Tests QA Amazon Server: getting 12kb for the Couch DB, 9kb for the I.S.
(Icon Server from memory cache)
100 queries, 1 connection:
1000 queries, 10 connections
1000 queries, 30 connections
These results reflect more definitively what the tests on the local machine say - at a high number of connections, the performance of the CouchDB decreases until such a point that increasing connections reduces performance. The Icon Server is getting a smaller file size, 25% smaller than the CouchDB, so the numbers are a little off, but we can see the overall trend. Adding a second or two on the IS times doesn't really change the result.
Summary
This is not a high performance DB. This is a feature specific DB. Would be great for repos or small projects.
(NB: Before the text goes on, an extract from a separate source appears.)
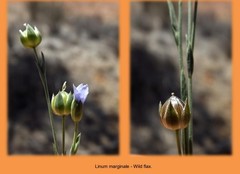 Linum marginale
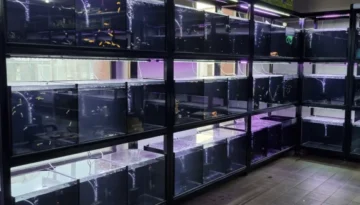 Jakie ryby do akwarium 25l 60l 100l 200l – ile ryb można trzymać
These results are actually very positive for CouchDB in certain circumstances. It's half the speed of the current Icon Servers - but the icon servers are speed demons and half the speed of them is actually very good, for a non-memory based DB. CouchDB clusters work like GIT repos - there is no master or slave. They work together to update each other and guarantee eventually consistency. This means that ANY one DB can be updated and the update will spread across the cluster automatically, and every DB is an exact duplicate of the others. If one fails, you loose nothing. If all but one fails, you still loose nothing.
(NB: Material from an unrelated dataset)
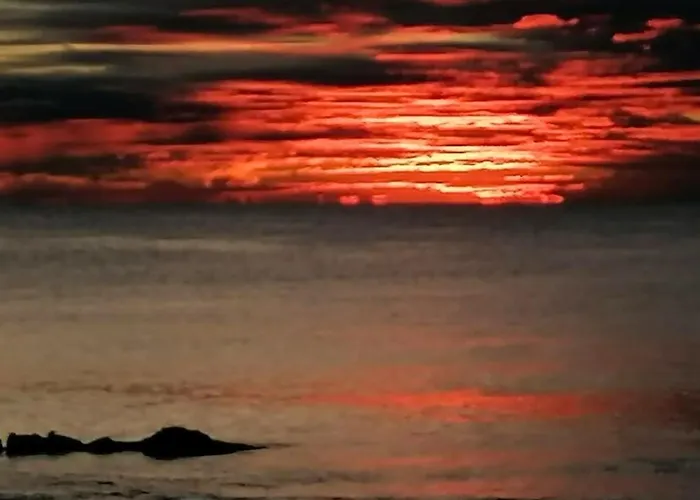 Sol Y Sal: Locos Apartment Torrevieja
The BEST thing about CouchDB is it's independence from a server. Via it's HTTP API. Development time on Couch DB, **if it suffices for the purpose**, can be DRASTICALLY reduced as compared to the normal JAVA EE stack.
What CouchDB is great for:
Dynamic content. Transactions, or dynamically bound content. Low-medium bandwidth. Version control - it would great for a GIT repo type service, CHAT, transcripts, documents, cloud drive.
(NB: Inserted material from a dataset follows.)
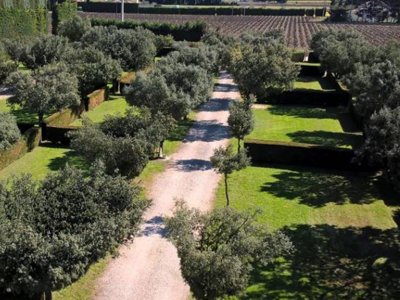Cliquez pour découvrir toutes les photos de l'ÉTABLISSEMENT ! camping Des Favards photo 9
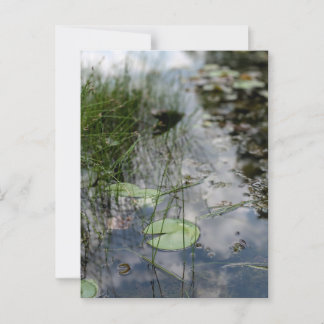 Reflections at the Water's Edge  ポストカード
What CouchDB would be bad for:
Logging DB. High-bandwidth. Static content.
I'd recommend using this DB for independent (standalone) projects, proof of concept or "testing the waters" projects, or in the cases of the above paragraph "great for" section. In particular to my reason for testing this, I wanted a system for dynamically binding content when it's served. Specifically, I wanted to apply a system of imports and modularization of Javascript files. What I found is that the only way to do this (practically) would be to serve a generic bootloader JS from the Icon Server and then have it make secondary requests to this DB, OR apply a secondary system to the Couch DB server itself - I would have to dedicate a DB connection to a listener which, when updates are applied to key files (modules), would update the resultant files (the served JS). This is exactly what I was attempting to avoid by using CouchDB - extra effort using an extra system.